Abbott and Costello Meet the Killer, Boris Karloff

Amos Strickland arrives at the secluded Crandall’s Lost Cavern Hotel on a dark, rainy night.  He is greeted by hotel detective, Casey Edwards (Bud Abbott) who wonders what the most important criminal attorney in the country is doing at Crandall’s.  Strickland is in a foul mood, a mood worsened by the hotel’s bumbling bell boy, Freddie Phillips (Lou Costello) who hits the lawyer with an umbrella and breaks his glasses before he ever picks up a bag.  Strickland makes a fuss, complains to the hotel manager and Freddie is fired.

Fast forward to a few hours later and we see Freddie entering Strickland’s room.  Hoping to get his job back the former bell boy is delivering a half-hearted apology when he notices the old man has been murdered.  Murdered, I tell ya!  And so the mystery begins.

Now, we know from the get-go Freddie hasn’t murdered anyone, but he ends up being the prime suspect for several reasons – first, witnesses heard him threaten Strickland upon getting fired – second, as the bell boy he would have had access to all rooms in the hotel – third, the murder weapon is in his room.  Although we know the last fact and the police don’t.  Luckily for Freddie he’s released to Casey’s custody.  Casey’s not only a friend. but Freddie’s cousin and he’s determined to prove his innocence.

Casey working hard to clear Freddie


There are a couple of things you should know about Casey before we move forward – he’s not one to follow the letter of the law nor care about ethics.  What he’s very good at is planting guns and moving dead bodies, talents that prove helpful to Freddie in the long run.

Anyway – while Freddie and Casey scramble to find the real murderer the real murderer scrambles to incriminate Freddie as another few bodies find their way into Freddie’s closets.  And because Freddie comes in possession of a valuable piece of evidence he soon becomes the target of the killer himself.  With the prime suspect dead there’s no reason to continue delving further into the happenings at Crandall’s Lost Cavern Hotel.  Or so I believe is the motivation that drives the actions of the real killer.  I must note that as simply as I’m trying to recount the plot of Abbott and Costello Meet the Killer, Boris Karloff, in truth it’s rather a mess.  And, if you haven’t figured it out this post is about that movie.
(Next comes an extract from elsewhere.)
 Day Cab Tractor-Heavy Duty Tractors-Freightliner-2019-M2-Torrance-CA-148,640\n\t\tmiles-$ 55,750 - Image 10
In any case, for the reasons noted Freddie almost buys it several times – once by poison, a few times while under the hypnotic influence of one of the suspects and another time when he is almost steamed to death while in one of those old steam bath machines where only one’s head is exposed.  The last results in one of the movie’s laugh-out-loud moments as we see Freddie drink an entire tank of water in a hurry after they save him from the grips of steam.


OK – so who is the real murderer?  The culprit!
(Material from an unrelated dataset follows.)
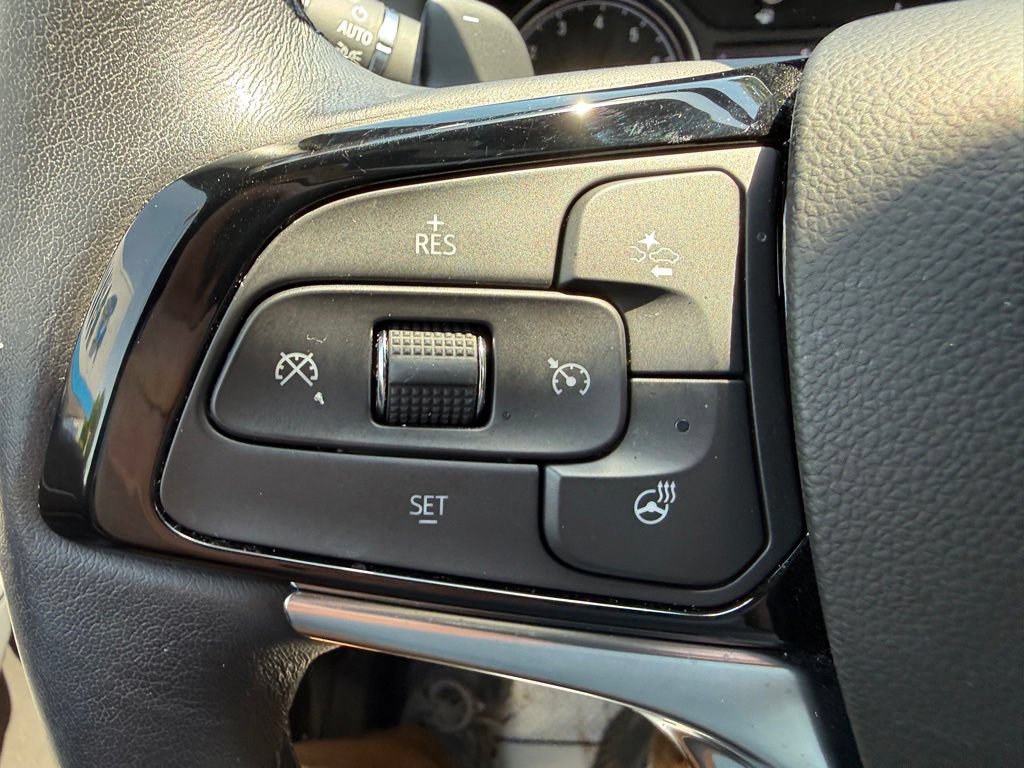 Used 2023 Buick Enclave Essence w/ Experience Buick Package AWD/4WD image 50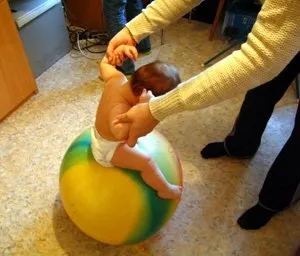 Вправи для немовлят на фитболе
Spoilers lie ahead!  Sort of.

Crandall’s Lost Cavern Hotel is filled will suspicious characters who lurk in the shadows of its rooms and corridors and behind potted plants and in every nook and cranny.  Among the suspicious is Swami, an odd character whose only role here is to add to the mystery and perhaps a bit of fright, being that it’s Karloff and all.

Suspicious characters
Suspicious characters
and more suspicious characters
and more suspicious characters

Directed by Charles Barton, who’d helmed several other Abbott and Costello films to this point including Meet Frankenstein, Abbott and Costello Meet the Killer, Boris Karloff does not come close in quality to the best of the “Meet” movies by a long shot.  The familiar Abbott and Costello banter and hijinks and the scenes that work like individual skits within the movie are what make this one worth watching.  One of my favorite things in the movie, in fact, are the exchanges between the veteran partners, particularly the scenes during which one (clearly) ad-libs causing the other to do a double-take for a brief moment.  Lou Costello’s daughter Chris confirms that her dad (especially) was a notorious ad-libber believing it kept the comedy fresh.  The few cases during which I noticed Bud Abbott’s slight look of surprise when I could tell Lou was making up the lines are among my favorite moments in the movie.  Priceless.
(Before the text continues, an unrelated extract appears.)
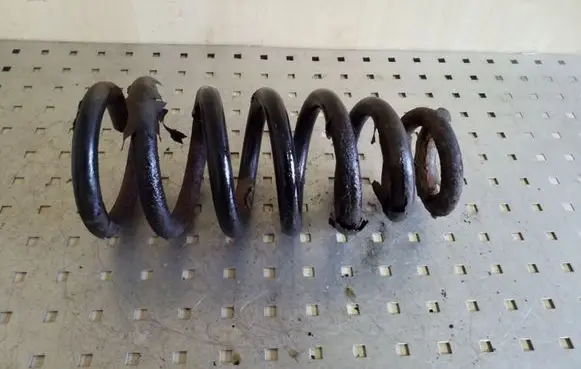 Mitsubishi L200 Front coil spring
Meet the Killer followed Abbott and Costello Meet Frankenstein in the sequence of “Meet” films.  The movie was originally titled Abbott and Costello Meet the Killers but the “s” was dropped to avoid confusion with Robert Siodmak’s popular noir, The Killers released by Universal three years earlier. (Production notes)  And then there’s the addition of “Boris Karloff” to the film’s title, which deserves a sleuthathon all its own.  It’s a head scratcher!  Karloff’s role in this movie was originally a female part but was changed at the last minute when Karloff agreed to join the movie.  While it’s easy to see why all of that was done, given the popularity of Meet Frankenstein, Karloff’s presence in the movie and the addition of his name in the title actually feel like afterthoughts.  He’s relegated to little more than one of the suspects who in the end, despite the movie’s suggestive title, turns out not to be the killer!  In fact, that’s one of the few things I’m sure of in the slapstick-prone plot presented here.  So much for my own sleuthing skills.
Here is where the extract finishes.